May 16, 2011
Brazilian Ethanol Exports Continue to Decline
The Brazilian government has been slow in issuing export permits for ethanol leaving the country. Government officials claim the 30-day delay in issuing the export authorizations was just a bureaucratic snafu, but industry officials suspect it was an attempt by the government to slow exports thus putting downward pressure on sky-high domestic ethanol prices.
Without the export authorization, vessels loaded with ethanol are not allowed to leave the port. As of late last week, there were three vessels loaded with 50 million liters of ethanol waiting at the port for permission to leave. The delays have cost the shipping company approximately US$ 50,000 which is being passed on to the sugar/ethanol mills that allowed the vessels to be loaded without securing the needed export authorizations. Government officials say that the situation should be cleared up soon.
Government interference in the ethanol market points to a larger problem in the supply/demand situation of Brazilian ethanol. Ethanol supplies in Brazil tighten during the intra-harvest period of December to March.
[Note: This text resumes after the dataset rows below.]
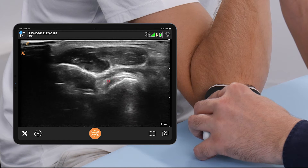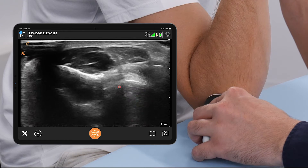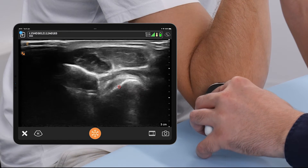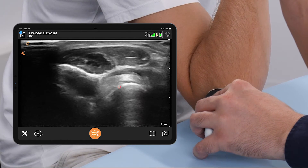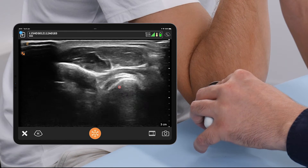We're going to scan this distal biceps tendon a little bit more toward the table and then in the other direction so that we can see the full fibers of the distal biceps tendon insertion.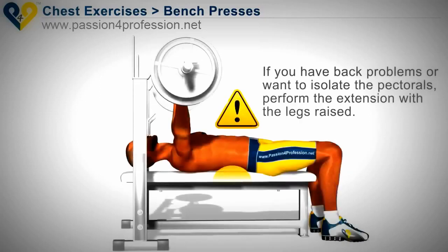If you have back problems or want to isolate the pectorals, perform the extension with the legs raised.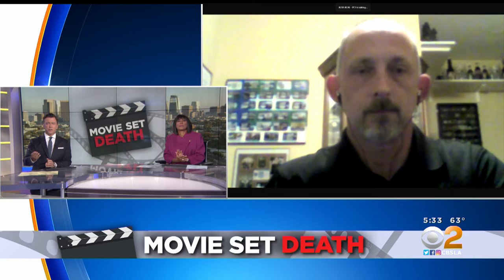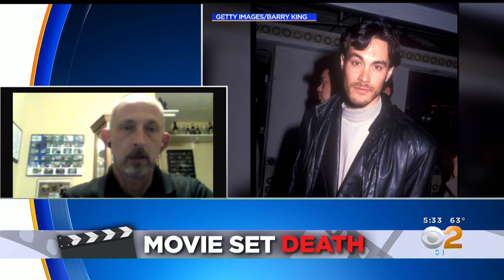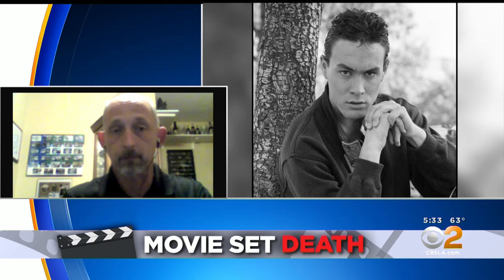Joe, we have seen deadly accidents on movie sets before, but how did the tragedy of actor Brandon Lee change the industry to where it is now? That was a very tragic incident, which brought a huge spotlight to safety and an emphasis on having professional armorers and weapon handlers on set. There were a lot of errors that just compounded and resulted in a fatal accident. The weapon wasn't properly prepared; there was debris inside the barrel when they loaded it with the blanks, and there was a lot of horseplay going on, which contributed to the incident.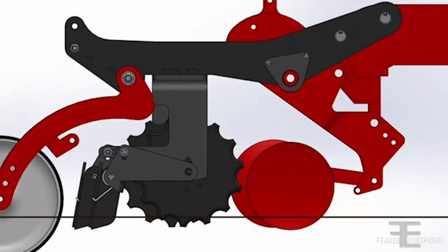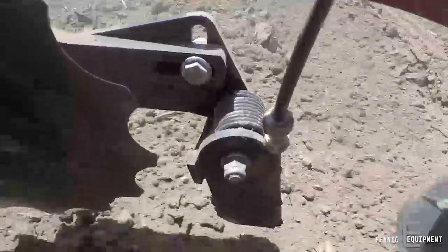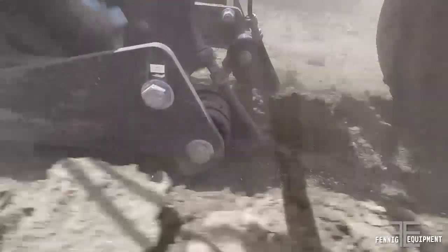The FE Dual Placement Fertilizer System is a simple kit that bolts to your existing unit without obstructing or folding other attachments. This system accurately and consistently places fertilizer one and three-quarter inch deep without taking pressure off of the row unit. Being equipped with the FE Hatchet Knife System keeps the planter clean and the fertilizer where it belongs, in the soil.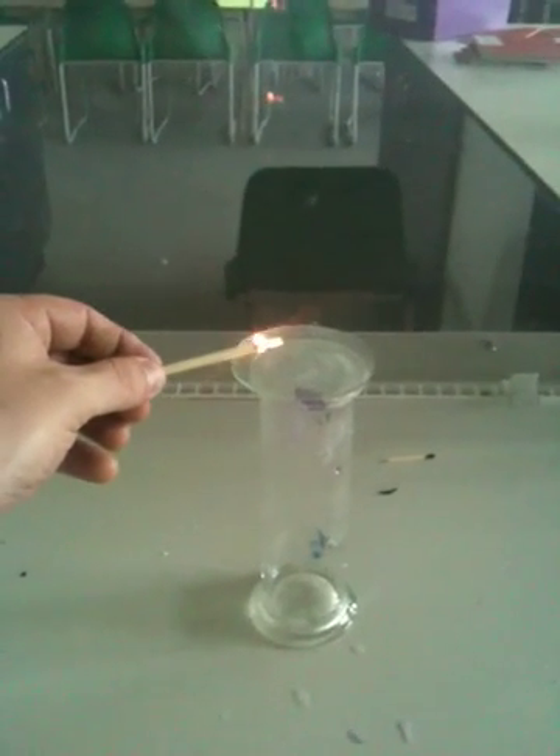Any change in the litmus paper? Can't see any color change — the chlorine has bleached it, but the room air has done nothing. So if we light the splint, we're going to film it from here so we can see.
In recent years, the tight supplies have resulted in rising ethanol prices at the pump during this period. Ethanol prices in Brazil during April hit record highs due to very tight supplies.
The supply shortage is usually quickly rectified as soon as the new sugarcane harvest begins in March, but heavy rains during March and early April slowed initial harvest activities.
Brazil exports the ethanol not consumed by the domestic market, but domestic demand has increased significantly in recent years thus forcing downward pressure on Brazilian exports. Brazilian ethanol exports peaked in 2008/09 at 4.7 billion liters, but have been declining since due to increased domestic demand. In 2011, Brazil is expected to export 1.45 billion liters of ethanol, which is down considerably from the 1.8 billion liters exported in 2010.
The domestic demand for ethanol started to increase rapidly after the introduction of flex fuel vehicles in 2003. Since their introduction, flex fuel vehicles have accounted for over 90% of all new vehicle sales in Brazil. These vehicles can utilize the E100 ethanol sold at every Brazilian gas station or the E25 gasoline that is common in Brazil. During the months of February, March, and April, Brazilian motorist were purchasing more gasoline than ethanol due to the high price of ethanol. This resulted in a shortage of gasoline which forced Petrobras to import gasoline during that period.